## [Exercise aim]
For this exercise, restate word for word only the lines from the first line of the data to the line containing "Ask the patient".

Source information Start Marker

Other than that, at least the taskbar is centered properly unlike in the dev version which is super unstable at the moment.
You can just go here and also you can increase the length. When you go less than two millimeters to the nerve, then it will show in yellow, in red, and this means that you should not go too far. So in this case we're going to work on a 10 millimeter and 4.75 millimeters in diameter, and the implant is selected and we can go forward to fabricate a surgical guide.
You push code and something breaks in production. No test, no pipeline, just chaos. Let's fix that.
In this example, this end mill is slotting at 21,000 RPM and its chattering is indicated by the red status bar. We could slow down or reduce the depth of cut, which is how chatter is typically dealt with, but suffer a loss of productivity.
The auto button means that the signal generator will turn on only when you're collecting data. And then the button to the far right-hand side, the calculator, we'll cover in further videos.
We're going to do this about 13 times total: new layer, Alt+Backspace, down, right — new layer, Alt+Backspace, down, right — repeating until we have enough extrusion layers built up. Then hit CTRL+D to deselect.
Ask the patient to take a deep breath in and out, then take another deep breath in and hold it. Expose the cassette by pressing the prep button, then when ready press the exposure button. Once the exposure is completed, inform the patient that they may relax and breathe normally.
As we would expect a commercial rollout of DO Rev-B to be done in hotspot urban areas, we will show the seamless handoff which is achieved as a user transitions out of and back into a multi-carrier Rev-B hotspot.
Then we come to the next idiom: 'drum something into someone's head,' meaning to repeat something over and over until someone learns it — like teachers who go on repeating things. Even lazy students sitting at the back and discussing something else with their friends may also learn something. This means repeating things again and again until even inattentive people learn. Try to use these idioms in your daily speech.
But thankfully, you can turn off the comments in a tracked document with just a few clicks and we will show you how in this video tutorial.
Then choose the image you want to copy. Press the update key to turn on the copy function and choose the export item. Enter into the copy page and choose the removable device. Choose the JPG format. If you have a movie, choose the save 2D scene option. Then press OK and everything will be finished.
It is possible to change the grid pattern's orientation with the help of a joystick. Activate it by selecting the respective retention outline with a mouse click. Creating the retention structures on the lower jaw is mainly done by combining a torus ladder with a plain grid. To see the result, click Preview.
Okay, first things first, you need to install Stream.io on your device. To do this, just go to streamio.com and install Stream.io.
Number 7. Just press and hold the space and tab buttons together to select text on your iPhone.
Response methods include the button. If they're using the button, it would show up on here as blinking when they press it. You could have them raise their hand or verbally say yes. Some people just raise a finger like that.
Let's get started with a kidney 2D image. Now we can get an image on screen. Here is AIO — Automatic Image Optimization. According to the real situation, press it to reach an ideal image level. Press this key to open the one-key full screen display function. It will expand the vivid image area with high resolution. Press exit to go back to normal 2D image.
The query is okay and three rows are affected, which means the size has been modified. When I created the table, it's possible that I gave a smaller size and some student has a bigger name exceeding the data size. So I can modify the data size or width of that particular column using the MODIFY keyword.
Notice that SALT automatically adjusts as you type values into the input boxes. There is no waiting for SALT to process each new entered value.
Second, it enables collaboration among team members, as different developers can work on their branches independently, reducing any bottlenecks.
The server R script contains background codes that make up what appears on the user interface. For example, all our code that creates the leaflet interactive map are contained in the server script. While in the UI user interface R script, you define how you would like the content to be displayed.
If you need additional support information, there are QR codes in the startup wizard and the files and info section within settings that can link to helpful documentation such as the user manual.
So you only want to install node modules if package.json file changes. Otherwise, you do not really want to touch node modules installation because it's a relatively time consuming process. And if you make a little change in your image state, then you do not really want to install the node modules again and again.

Source information End Marker

## [Result of this task]
Other than that, at least the taskbar is centered properly unlike in the dev version which is super unstable at the moment.
You can just go here and also you can increase the length. When you go less than two millimeters to the nerve, then it will show in yellow, in red, and this means that you should not go too far. So in this case we're going to work on a 10 millimeter and 4.75 millimeters in diameter, and the implant is selected and we can go forward to fabricate a surgical guide.
You push code and something breaks in production. No test, no pipeline, just chaos. Let's fix that.
In this example, this end mill is slotting at 21,000 RPM and its chattering is indicated by the red status bar. We could slow down or reduce the depth of cut, which is how chatter is typically dealt with, but suffer a loss of productivity.
The auto button means that the signal generator will turn on only when you're collecting data. And then the button to the far right-hand side, the calculator, we'll cover in further videos.
We're going to do this about 13 times total: new layer, Alt+Backspace, down, right — new layer, Alt+Backspace, down, right — repeating until we have enough extrusion layers built up. Then hit CTRL+D to deselect.
Ask the patient to take a deep breath in and out, then take another deep breath in and hold it. Expose the cassette by pressing the prep button, then when ready press the exposure button. Once the exposure is completed, inform the patient that they may relax and breathe normally.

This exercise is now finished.